Table 2. Increasing the number of biclusters improve the results obtained by FABIA on the motion segmentation dataset.

4.2 Reproducibility

In this section we assess the reproducibility of the two methods that better perform on the Adelaide dataset: RPA and FABIA. The goal is to demonstrate that probabilistic approaches can overcome the problem of reproducibility present in RPA. For a fair comparison we adopted the 2R3RTCRT video sequence from the Hopkins datasetFootnote 3: a dataset where both the approaches retrieve good and similar solutions.

Hopkins dataset is a motion segmentation benchmark where the input data consists in a set of features trajectories across a video taken by a moving camera, and the problem consist in recovering the different rigid-body motions contained in the dynamic scene. Motion segmentation can be seen as a subspace clustering problem under the modeling assumption of affine cameras. In fact, under the assumption of affine projection, it is simple to demonstrate that all feature trajectories associated with a single moving object lie in a linear subspace of dimension at most 4 in \(\mathbb {R}^{2F}\) (where F is the number of video frames). Feature trajectories of a dynamic scene containing k rigid motion lie in the union of k low dimensional subspace of \(\mathbb {R}^{2F}\) and segmentation can be reduced to clustering data points in a union of subspaces.

To test the reproducibility of RPA and FABIA we run the algorithms on the same Preference Matrix hundred times, and for each trial we assess the misclassification error; the results are reported in Fig. 3. The figure shows the result obtained by the approaches in each iteration and its distance from the average results. Results clearly show that while the two approaches are compatible on average, FABIA retrieves the same solution in each iteration while RPA is much less stable.

Fig. 3.
figure 3

Reproducibility. The methods have been run 100 times on the same Preference Matrix. Plots show the misclassification error in of each trials along with the distance from the mean (RPA mean = 1.93 %, FABIA mean = 1.95 %).

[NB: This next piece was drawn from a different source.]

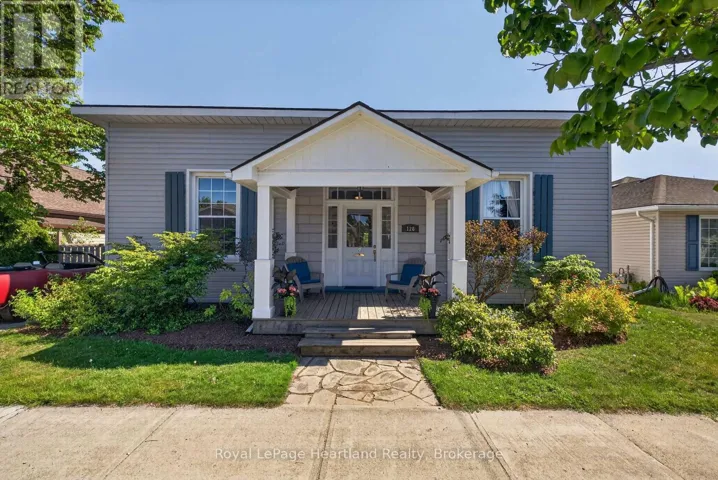126 ST DAVID STREET, Goderich (Goderich (Town)), Ontario N7A1L6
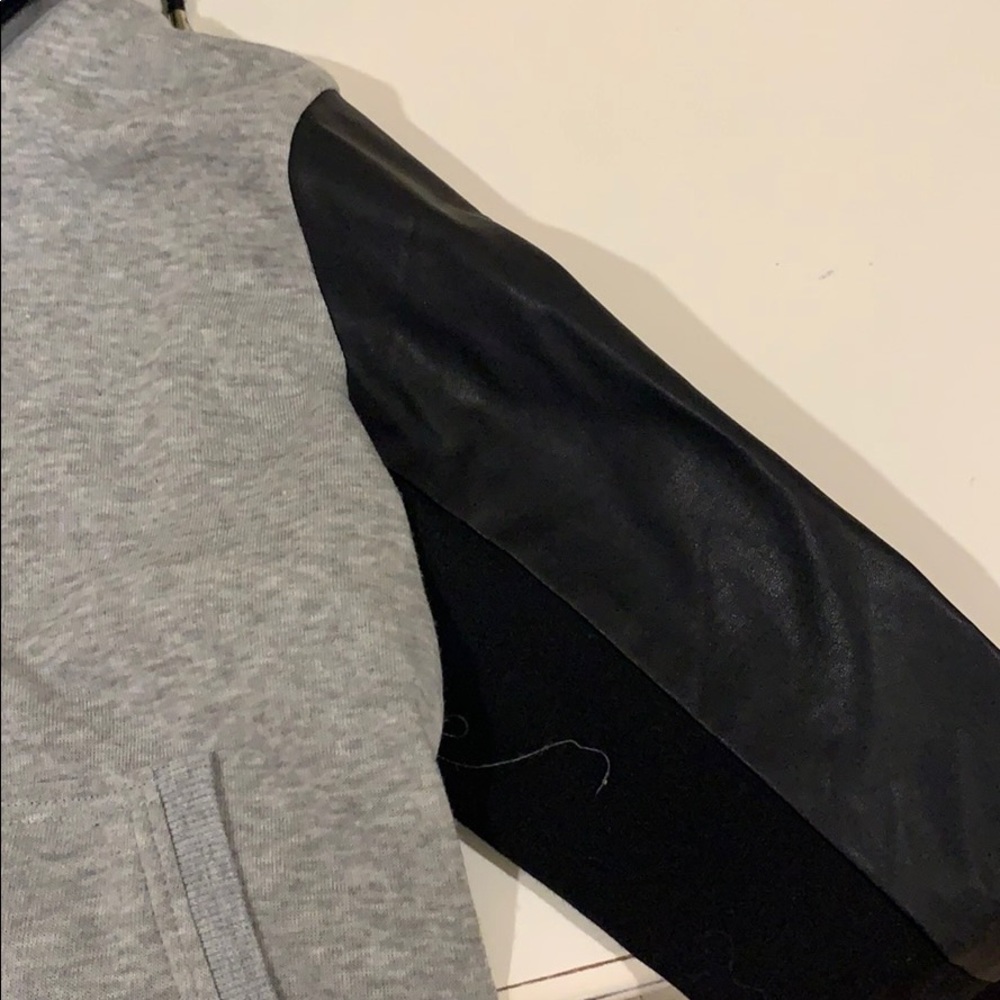 Sweatshirt - Picture 2 of 2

5 Conclusion and Discussion

In this paper we present an alternative to clustering for the problem of Multiple Structure Recovery (MSR), namely biclustering. In general, biclustering techniques allow to retrieve superior and more accurate information than clustering approaches, characterizing each cluster of points with the subset of features that better describes them. The goal of biclustering approaches applied to MSR is isolate submatrices inside the Preference Matrix where a subset of points behave “coherently” in a subset of models/structures. We tested the recent probabilistic biclustering approach FABIA on the Adelaide benchmark dataset, proving that it favorably compares with the state of the art. Moreover we tested the reproducibility of the analyzed methods showing that FABIA is much more stable than the second competitor RPA.